Let $\beta=\{\begin{pmatrix}1\\0\end{pmatrix}, \begin{pmatrix}0\\1\end{pmatrix}\}, \gamma=\{\begin{pmatrix}1\\0\end{pmatrix}, \begin{pmatrix}1\\1\end{pmatrix}\}$ be two basis.
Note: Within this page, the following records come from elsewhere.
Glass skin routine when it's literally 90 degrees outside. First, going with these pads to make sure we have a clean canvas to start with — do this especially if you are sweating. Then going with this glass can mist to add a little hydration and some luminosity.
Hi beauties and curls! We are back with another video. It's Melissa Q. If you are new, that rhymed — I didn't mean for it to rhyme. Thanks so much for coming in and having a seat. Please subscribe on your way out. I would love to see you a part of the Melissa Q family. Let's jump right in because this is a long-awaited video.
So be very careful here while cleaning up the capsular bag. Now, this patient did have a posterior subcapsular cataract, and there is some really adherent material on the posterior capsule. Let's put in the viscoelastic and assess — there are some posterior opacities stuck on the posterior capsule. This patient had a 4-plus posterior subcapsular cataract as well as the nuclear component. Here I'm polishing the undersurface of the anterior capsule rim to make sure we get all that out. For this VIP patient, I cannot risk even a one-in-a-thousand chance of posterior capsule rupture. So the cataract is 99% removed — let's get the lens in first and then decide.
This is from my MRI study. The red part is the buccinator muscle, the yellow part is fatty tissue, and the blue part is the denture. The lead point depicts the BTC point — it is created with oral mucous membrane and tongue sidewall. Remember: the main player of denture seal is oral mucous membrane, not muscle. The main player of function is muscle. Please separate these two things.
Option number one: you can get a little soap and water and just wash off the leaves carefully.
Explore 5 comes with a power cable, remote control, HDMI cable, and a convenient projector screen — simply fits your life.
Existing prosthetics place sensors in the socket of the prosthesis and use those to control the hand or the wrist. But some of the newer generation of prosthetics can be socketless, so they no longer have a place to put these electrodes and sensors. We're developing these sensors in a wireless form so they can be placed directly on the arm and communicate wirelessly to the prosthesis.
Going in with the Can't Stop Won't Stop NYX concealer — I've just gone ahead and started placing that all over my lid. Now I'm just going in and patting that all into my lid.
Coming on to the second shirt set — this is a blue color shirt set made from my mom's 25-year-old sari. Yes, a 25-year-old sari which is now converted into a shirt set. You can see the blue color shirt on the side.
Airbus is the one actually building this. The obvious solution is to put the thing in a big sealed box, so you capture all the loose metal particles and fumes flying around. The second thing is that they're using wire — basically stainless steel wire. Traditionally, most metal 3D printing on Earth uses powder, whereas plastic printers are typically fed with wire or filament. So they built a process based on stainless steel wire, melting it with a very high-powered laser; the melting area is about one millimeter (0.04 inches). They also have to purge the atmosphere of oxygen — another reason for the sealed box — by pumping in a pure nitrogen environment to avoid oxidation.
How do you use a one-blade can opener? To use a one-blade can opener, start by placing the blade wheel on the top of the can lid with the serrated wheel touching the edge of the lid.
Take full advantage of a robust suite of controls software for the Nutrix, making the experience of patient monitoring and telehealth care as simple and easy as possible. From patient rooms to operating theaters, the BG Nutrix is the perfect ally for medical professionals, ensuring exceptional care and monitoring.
We can find $P =[Id_V]_{\beta}^{\gamma}=\begin{pmatrix}1&-1\\0&1\end{pmatrix}$

The matrices of the linear transformation $T$ in terms of two basis are

$$[T]_{\beta}=\begin{pmatrix}0&1\\1&0\end{pmatrix}, [T]_{\gamma}=\begin{pmatrix}-1&0\\1&1\end{pmatrix}$$

Theorem 1 says

$$\begin{pmatrix}0&1\\1&0\end{pmatrix}=\begin{pmatrix}1&-1\\0&1\end{pmatrix}^{-1}\begin{pmatrix}-1&0\\1&1\end{pmatrix}\begin{pmatrix}1&-1\\0&1\end{pmatrix}$$

which can be easily verified.

An example for the second theorem can be constructed from a linear transformation from $\mathbb{R}^2$ to $\mathbb{R}^1$. For example, projection onto $x$-axis. $P$ and $Q$ are still the identical transformation. This time we have

$$T\begin{pmatrix}x\\y\end{pmatrix}=x$$

Let $\beta=\{\begin{pmatrix}1\\0\end{pmatrix}, \begin{pmatrix}0\\1\end{pmatrix}\}, \beta'=\{\begin{pmatrix}1\\0\end{pmatrix}, \begin{pmatrix}1\\1\end{pmatrix}\}$ be two basis for $\mathbb{R}^2$. We still have $P =[Id_V]_{\beta}^{\beta'}=\begin{pmatrix}1&-1\\0&1\end{pmatrix}$.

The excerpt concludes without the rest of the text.